Entrevista
«Siempre quise escribir el evangelio de Magdalena»
Radicada desde hace once años en España —donde alguna vez fue enlistada entre los cien latinos más influyentes de ese país—, María Fernanda Ampuero (Guayaquil, 1976) tiene presencia en Ecuador: no solo viaja de vuelta cada cierto tiempo, sino que publica columnas con regularidad en varios medios del país, incluyendo este suplemento, además de sus textos en medios latinoamericanos como Anfibia y Gatopardo. Sobre ella se ha formado la imagen de la periodista que fue a los talleres en los que se esculpió el polémico busto de León Febres-Cordero; o la que le siguió los pasos a Delfín Quishpe, y así. Pero, aunque sabemos que existe, poco se habla de su faceta como narradora de ficción.
Es un tema que le emociona. El año pasado, a los reconocimientos que ha obtenido por sus crónicas, empezaron a sumarse los literarios. Había ganado el primer lugar en el Premio Hijos de Mary Shelley, por su cuento ‘Quién dicen los hombres que soy yo’, en el que había la consigna de crear a un monstruo (así como la autora que inspira el nombre del concurso inventó al monstruo del Doctor Frankenstein). Y ella escogió la historia de María Magdalena y Jesucristo para hablar de los monstruos que se pueden crear por amor. Hace poco, recibió otro premio, Cosecha Eñe, por su cuento ‘Nam’.
‘Nam’ es uno de esos títulos que, aunque contienen una parte central de la narrativa, están ahí para hacernos caer en cuenta, de vez en cuando, que aún no hemos descubierto por qué la historia se llama así. A la autora le gusta eso: mantener el suspense, dejar cosas abiertas y cerrarlas en las últimas líneas, donde, por supuesto, la esperada revelación final será brutal.

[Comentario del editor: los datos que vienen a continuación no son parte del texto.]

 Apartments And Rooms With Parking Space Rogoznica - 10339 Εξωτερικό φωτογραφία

No es un cuento sobre el napalm o la guerra de Vietnam, es un paseo por esa etapa al borde de la explosión que es la pubertad, un cruce constante entre los límites que separan a la infancia de la adultez. Para ser coherente, en ‘Nam’, la voz está a medio camino entre el alegre narrador de un cuento de niños y de otro que aún está descubriendo cosas, pero que es mucho menos inocente. Tiene sentido: durante todo el cuento le seguimos la pista a una adolescente que empieza a explorar su sexualidad, pero que al mismo tiempo, es incapaz de aguantarse las ganas de ir al baño.
La protagonista se debate con sus esfínteres un rato después de participar de una pequeña fiesta privada en la que tres jóvenes se tocan y se besan. Y la voz narrativa normaliza ese cambio constante, se siente muy real —talvez demasiado—.

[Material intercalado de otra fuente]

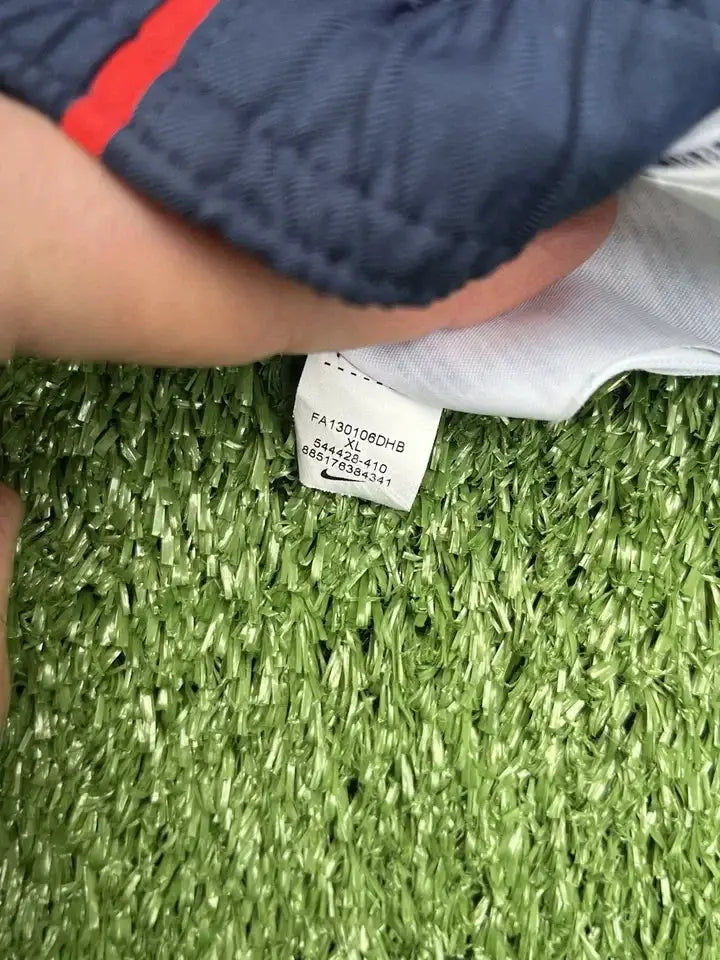 Short PSG Vintage - Au Fil Des Légendes paris retro football shirt nike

A veces, en lugar de elaborar respuestas con grandes ensayos que citan a Lacan, prefiere confesar con candidez alguna falta de base teórica o hablar de su obra como algo que hace para que le dejen en paz estas voces que le dicen que escriba. Y cuando suelta una de estas revelaciones que son como la contraindicación de cualquier relacionista público, ríe como una niña que ha cometido una travesura, como cuando Pepe Mujica se tapaba la boca luego de decir en televisión que «los de la FIFA son unos viejos hijos de puta». Por eso, la voz que usa en sus relatos, es muy natural en esta autora.
Esta voz no la usas solo en este cuento. Se la siente en algunas de tus columnas.
Cuando me entrevistan sobre mi oficio de cronista, tengo que tener siempre encima de la mesa los aparatos con los que trabajo: la libreta de notas, la grabadora, la cámara... y creo que es la primera vez que yo puedo hablar sin tener ningún tipo de máquina sobre la mesa. Cuando me preguntan cómo hago una crónica, tengo unas respuestas, un discurso elaborado, que tiene que ver con un oficio, que lo tengo como si le pidieras a alguien que te explique cómo se hacen unos zapatos: hay que ir, hay que estar, hay que callarse, esperar, aguantar frío, calor, quedarse la mayor cantidad de tiempo posible, etcétera. A pesar de que escribo desde muy niña, no sé por qué no me he dado a conocer como escritora de ficción. Habrá mil razones, pero se me hace como inasible hablar de esto, no tengo una pedagogía. Y entonces creo que siempre es la misma voz.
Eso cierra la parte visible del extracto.